> [Task details]: Give the data again exactly as written, skipping any pictures.
____________
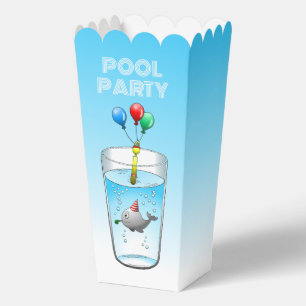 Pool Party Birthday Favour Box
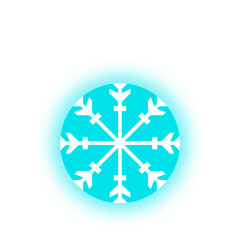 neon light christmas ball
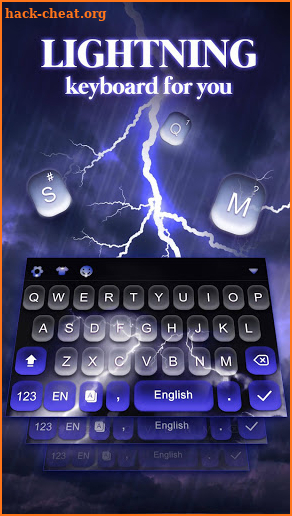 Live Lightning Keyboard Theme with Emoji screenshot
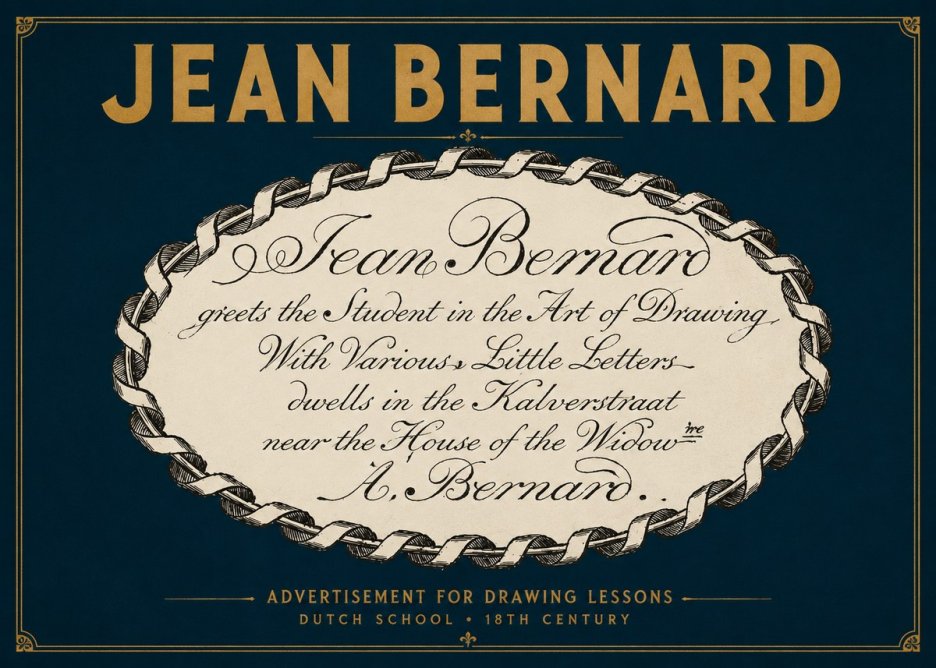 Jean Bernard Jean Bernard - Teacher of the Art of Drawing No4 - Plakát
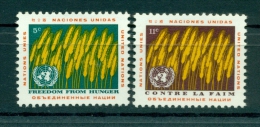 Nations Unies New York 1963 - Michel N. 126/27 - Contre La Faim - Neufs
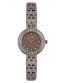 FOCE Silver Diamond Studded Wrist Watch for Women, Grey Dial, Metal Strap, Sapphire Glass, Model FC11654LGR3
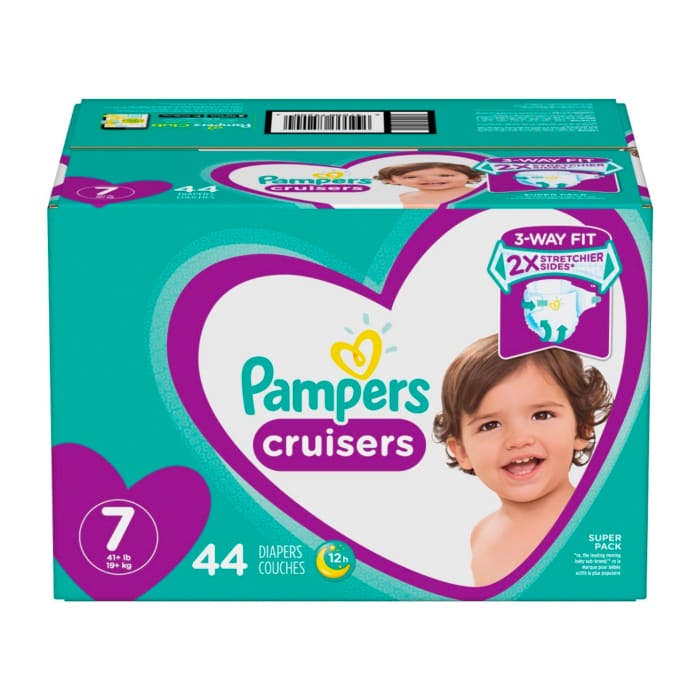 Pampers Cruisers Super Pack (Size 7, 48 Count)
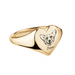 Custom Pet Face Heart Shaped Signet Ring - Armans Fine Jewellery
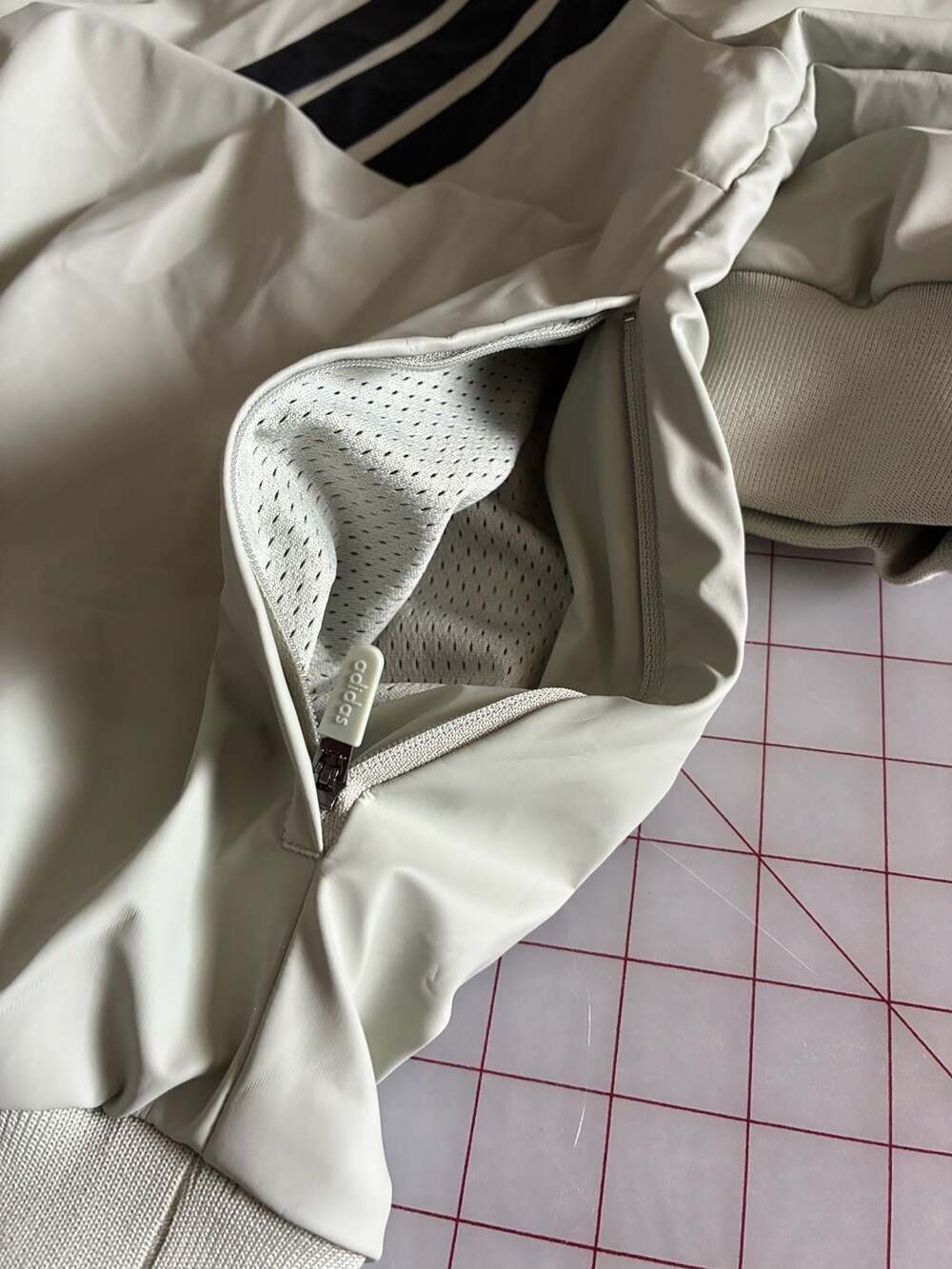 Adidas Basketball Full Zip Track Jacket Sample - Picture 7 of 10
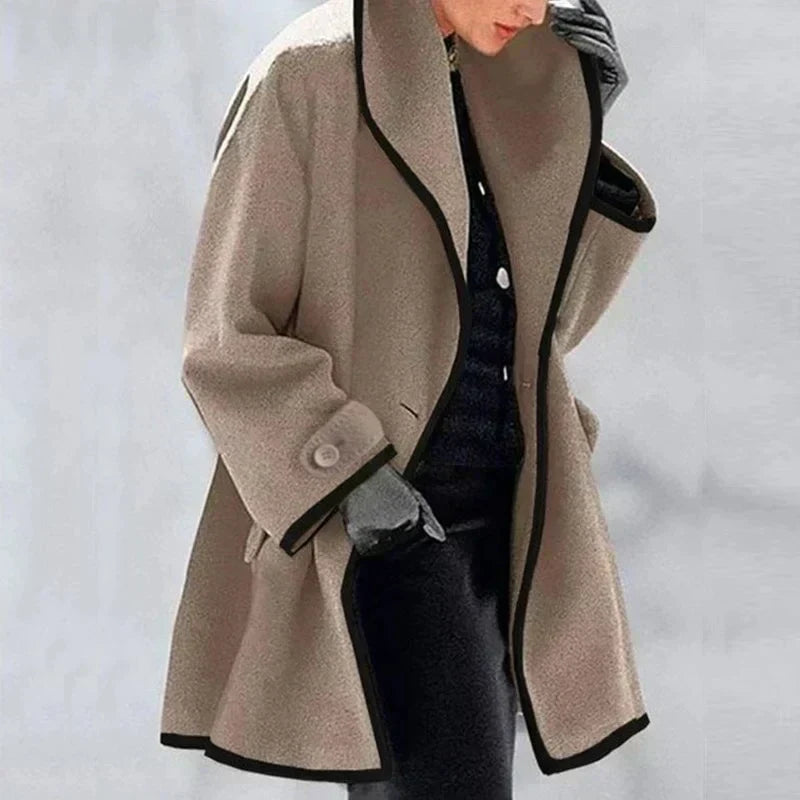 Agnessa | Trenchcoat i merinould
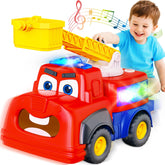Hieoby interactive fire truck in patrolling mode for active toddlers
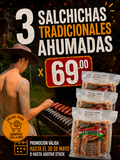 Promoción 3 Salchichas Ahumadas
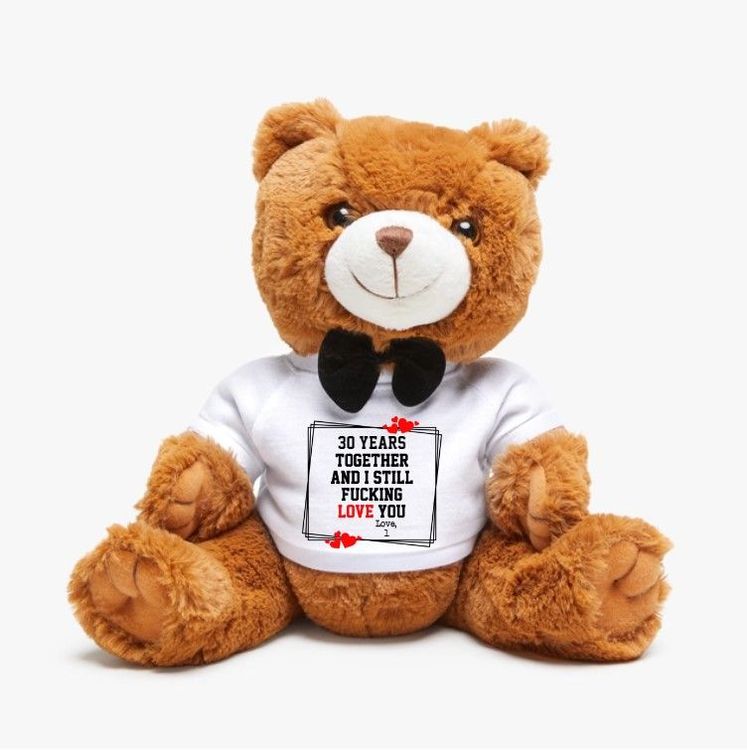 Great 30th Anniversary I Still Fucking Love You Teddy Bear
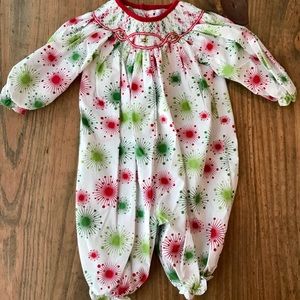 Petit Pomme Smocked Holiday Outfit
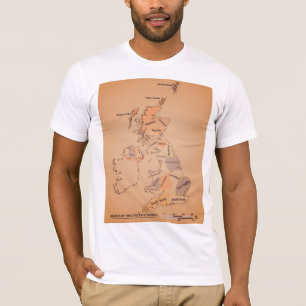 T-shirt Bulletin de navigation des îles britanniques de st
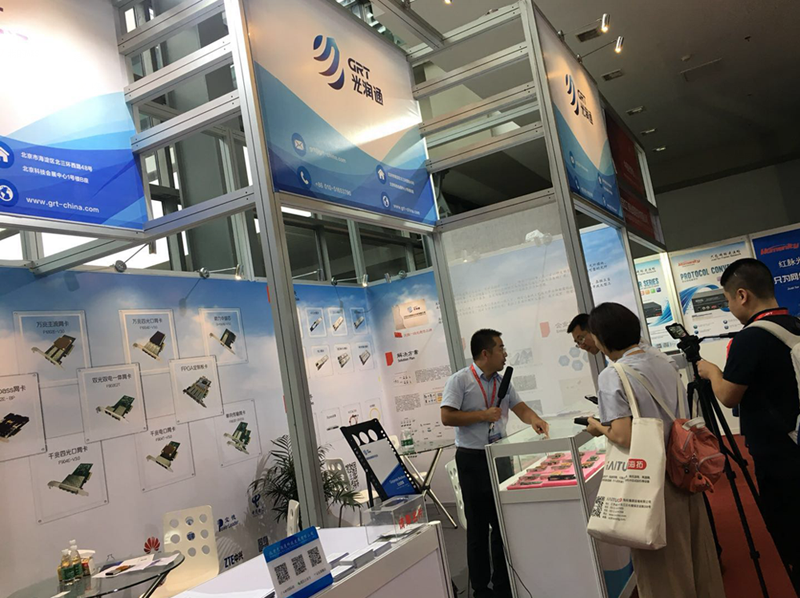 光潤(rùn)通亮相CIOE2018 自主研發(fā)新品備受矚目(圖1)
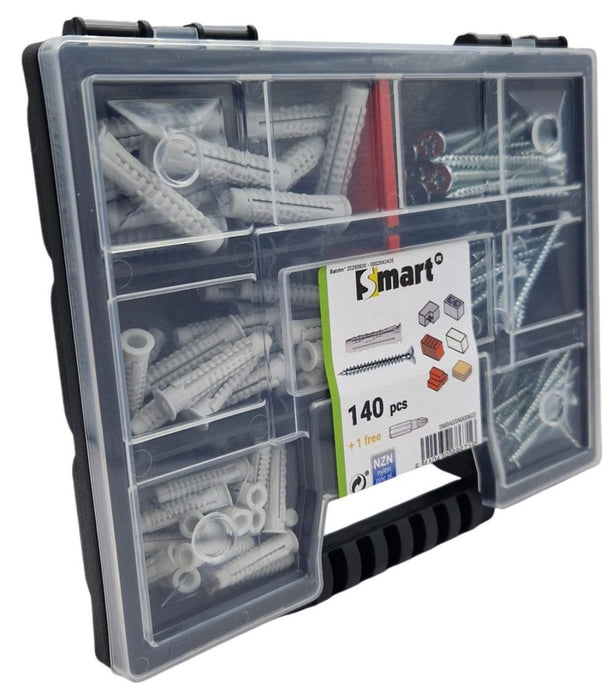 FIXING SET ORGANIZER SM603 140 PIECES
____________
> [Solution to this exercise]:
 Pool Party Birthday Favour Box
 neon light christmas ball
 Live Lightning Keyboard Theme with Emoji screenshot
 Jean Bernard Jean Bernard - Teacher of the Art of Drawing No4 - Plakát
 Nations Unies New York 1963 - Michel N. 126/27 - Contre La Faim - Neufs
 FOCE Silver Diamond Studded Wrist Watch for Women, Grey Dial, Metal Strap, Sapphire Glass, Model FC11654LGR3
 Pampers Cruisers Super Pack (Size 7, 48 Count)
 Custom Pet Face Heart Shaped Signet Ring - Armans Fine Jewellery
 Adidas Basketball Full Zip Track Jacket Sample - Picture 7 of 10
 Agnessa | Trenchcoat i merinould
Hieoby interactive fire truck in patrolling mode for active toddlers
 Promoción 3 Salchichas Ahumadas
 Great 30th Anniversary I Still Fucking Love You Teddy Bear
 Petit Pomme Smocked Holiday Outfit
 T-shirt Bulletin de navigation des îles britanniques de st
 光潤(rùn)通亮相CIOE2018 自主研發(fā)新品備受矚目(圖1)
 FIXING SET ORGANIZER SM603 140 PIECES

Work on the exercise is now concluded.